WORK INSTRUCTION — The entire listing that follows must be repeated exactly, pictures excluded.

DATA EXCERPTS —
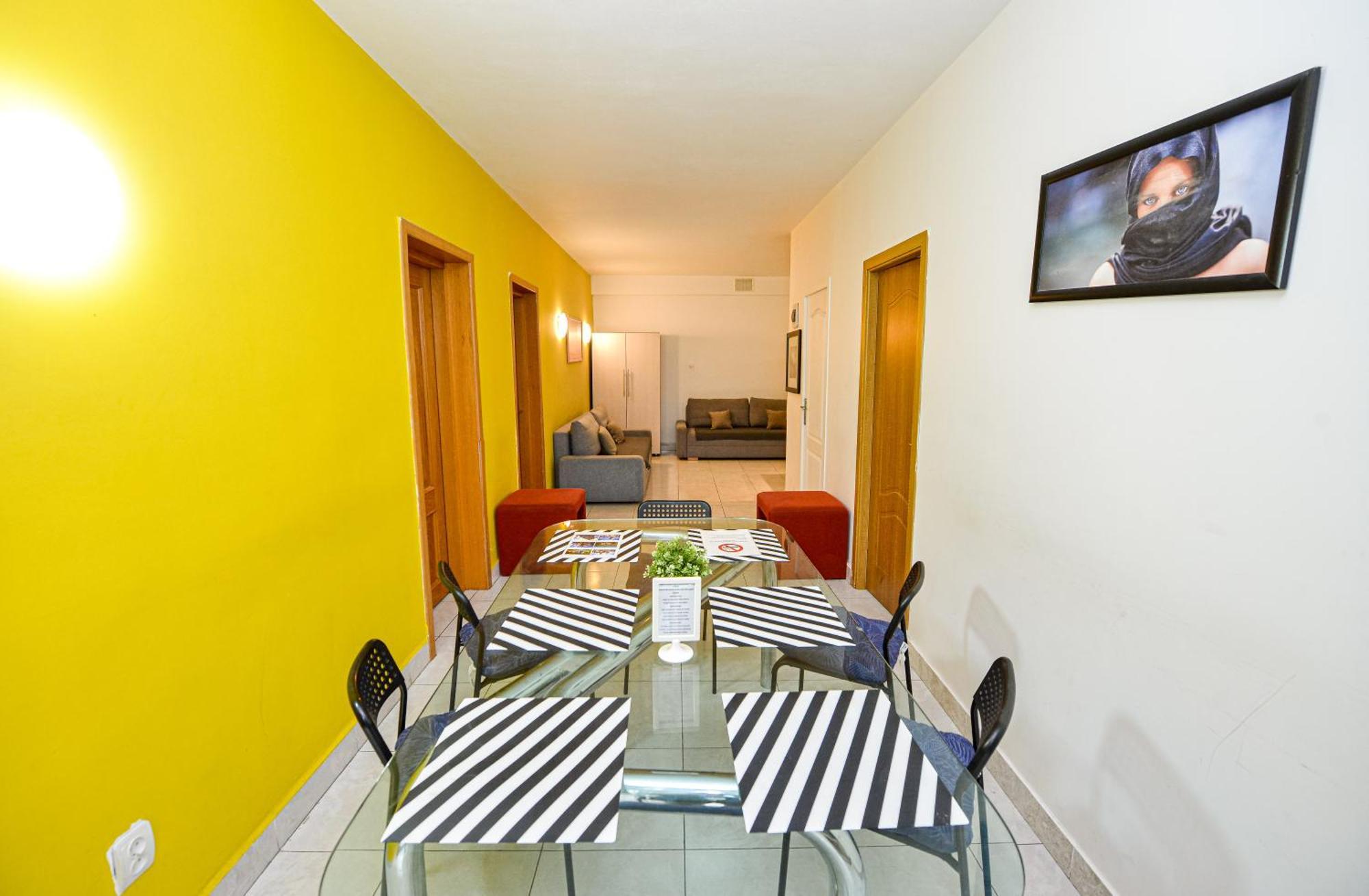 The Lincoln Suites - Central Shabbat Friendly Apartments บูคาเรสต์ ภายนอก รูปภาพ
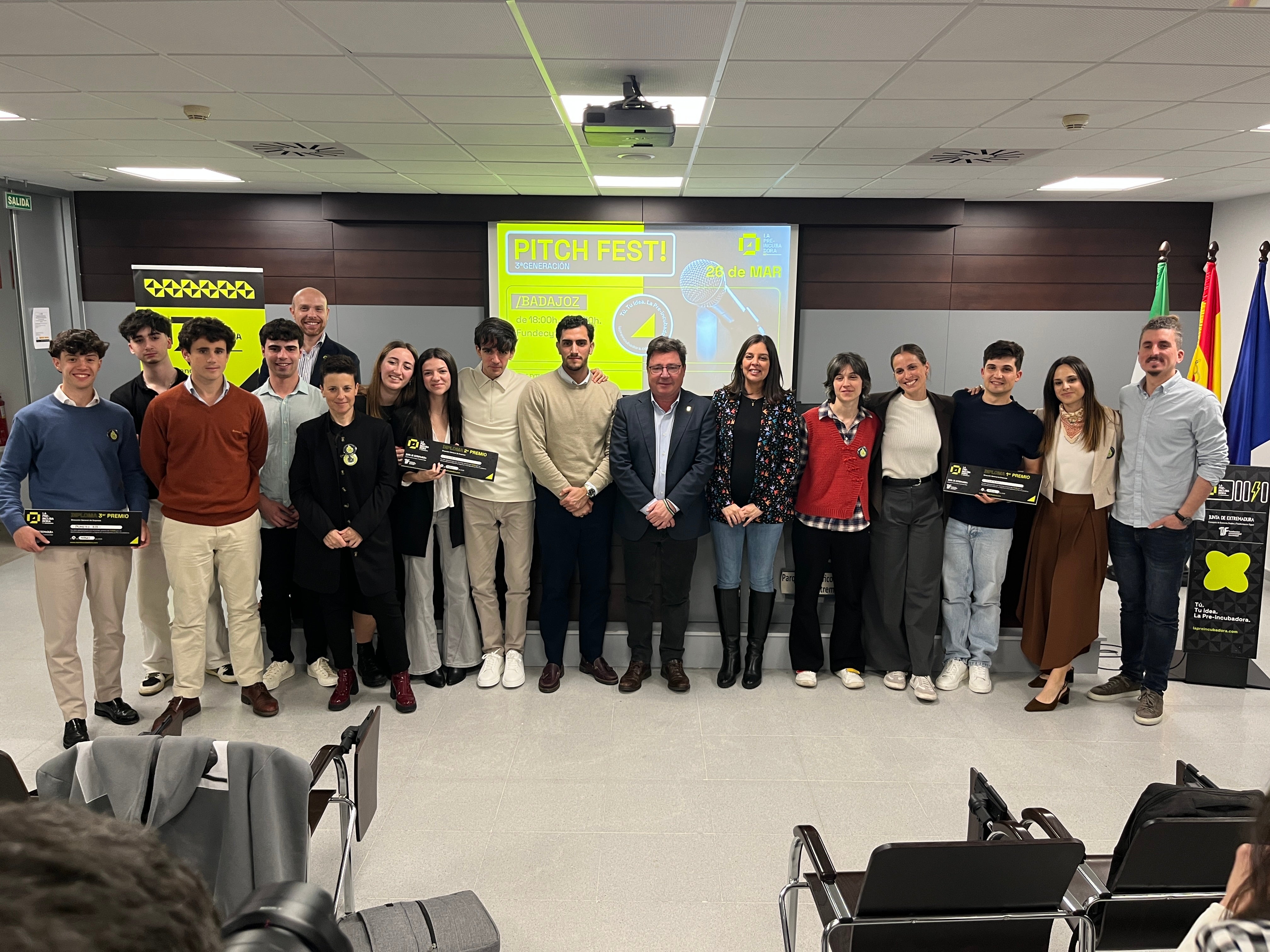 Santamaría reconoce a los premiados de la III Pre-incubadora y da la bienvenida a los que participarán en la IV Santamaría reconoce a los premiados de la III Pre-incubadora y da la bienvenida a los que participarán en la IV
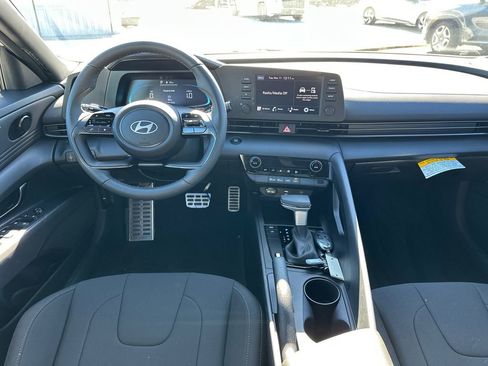 New 2025 Hyundai Elantra Sport image 22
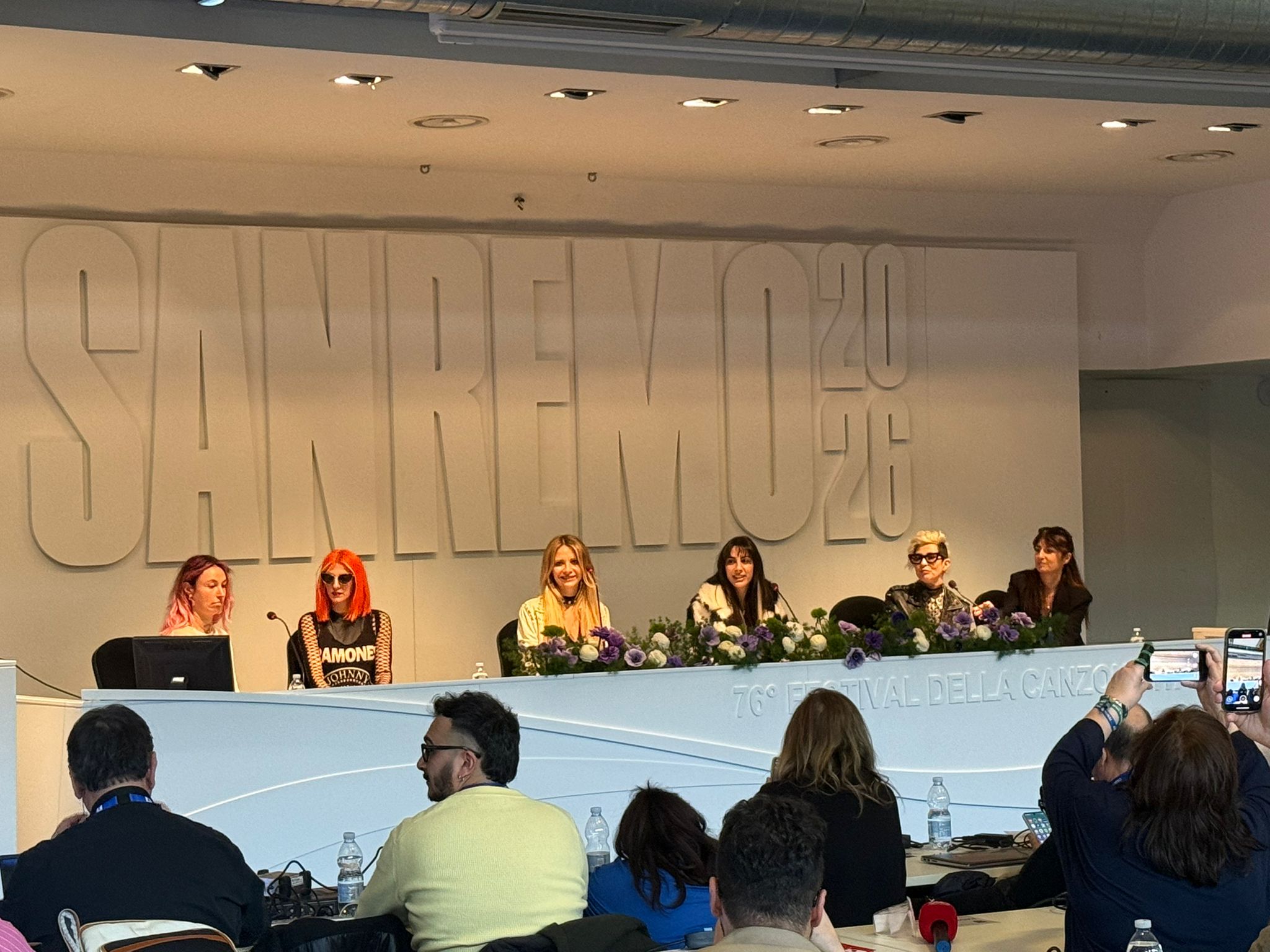 PHOTO-2026-02-25-19-07-17 Non è il femminismo ad essere vecchio: è la domanda. Cronache da Sanremo, anno 76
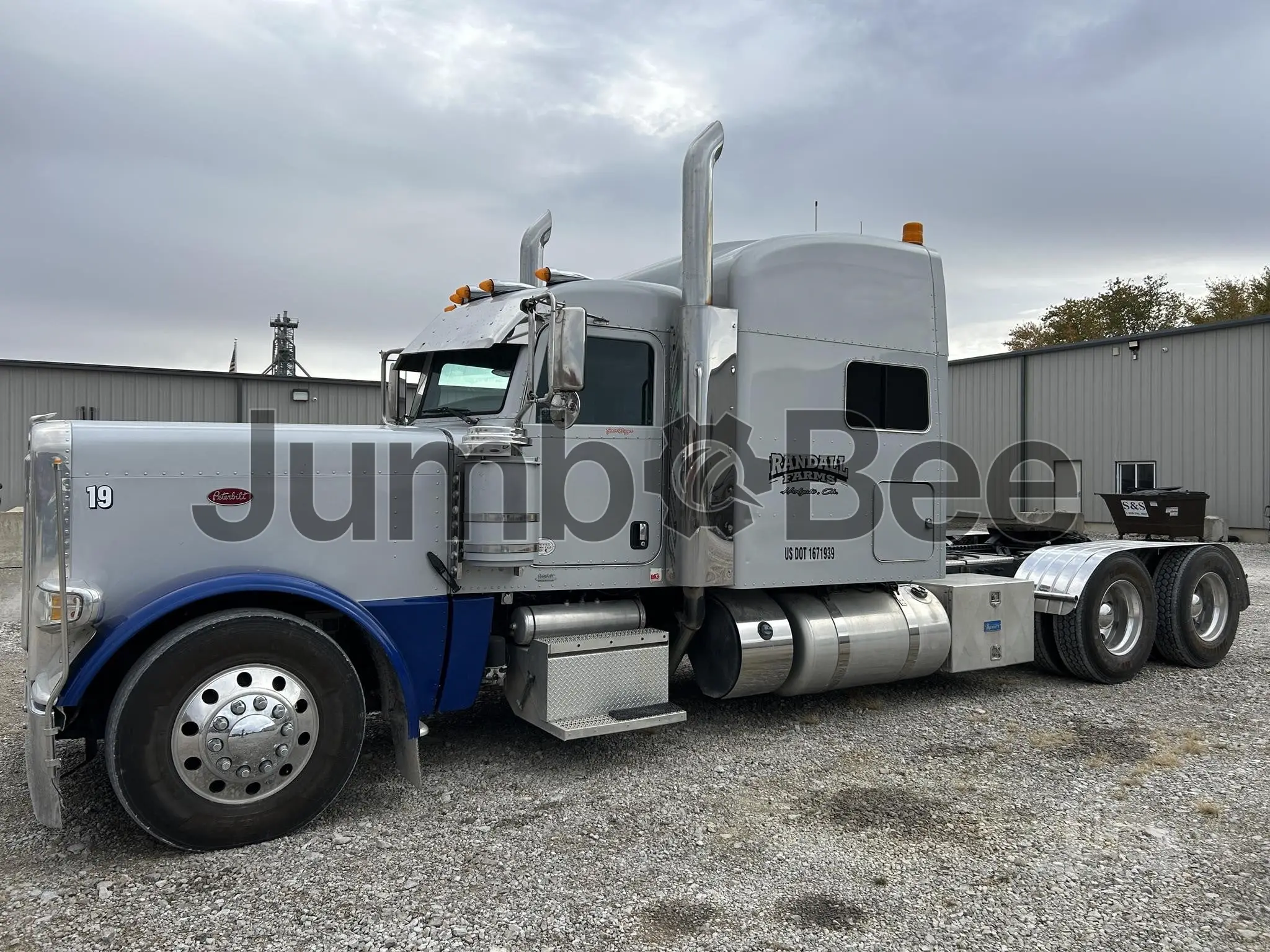 https://prod-jumbo.nyc3.cdn.digitaloceanspaces.com/product/13484/e65ff1fdc169e7bf614c342357582881.webp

REPLY TO THE EXERCISE —
 The Lincoln Suites - Central Shabbat Friendly Apartments บูคาเรสต์ ภายนอก รูปภาพ
 Santamaría reconoce a los premiados de la III Pre-incubadora y da la bienvenida a los que participarán en la IV Santamaría reconoce a los premiados de la III Pre-incubadora y da la bienvenida a los que participarán en la IV
 New 2025 Hyundai Elantra Sport image 22
 PHOTO-2026-02-25-19-07-17 Non è il femminismo ad essere vecchio: è la domanda. Cronache da Sanremo, anno 76
 https://prod-jumbo.nyc3.cdn.digitaloceanspaces.com/product/13484/e65ff1fdc169e7bf614c342357582881.webp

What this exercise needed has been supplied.